🤖 AI Summary
This work addresses the instability in sparse optimization induced by ℓ_p regularization (0 < p < 1), which arises from unbounded gradients near zero. To overcome this challenge, the authors propose ReWA, a method that synergistically combines reparameterization, weight decay, and adaptive learning rates to construct an optimization trajectory closely aligned with ℓ_p regularization yet significantly more stable. The approach reveals an optimization landscape distinct from conventional ℓ_p-regularized objectives, achieving substantially enhanced model sparsity while mitigating training instability. Empirical evaluations on CIFAR-10 and ImageNet using ResNet architectures demonstrate that ReWA attains markedly higher sparsity than ℓ_1 regularization while preserving comparable test accuracy.
📝 Abstract
Sparse optimization is a fundamental challenge in various practical applications.
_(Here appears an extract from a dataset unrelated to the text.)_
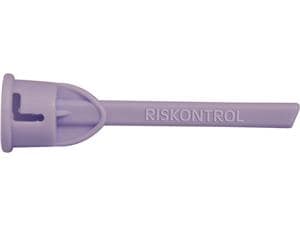 Riskontrol® ART Einwegansätze Johannisbeere / violett, Packung 250 Stück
A popular approach to sparse optimization is $\ell_p$ regularization. However, it may encounter optimization instability due to the unbounded gradients when $0<p<1$. In this paper, we introduce a novel approach to sparse optimization termed ReWA, based on Reparameterization, Weight decay, and Adaptive learning rate. ReWA is closely connected to $\ell_p$-regularization, yet it unveils a distinct optimization landscape that helps mitigate instability issues. Experiments on CIFAR-10 and ImageNet with ResNets demonstrate that ReWA leads to significant sparsity improvements over the $\ell_1$-regularization approach while preserving test accuracy.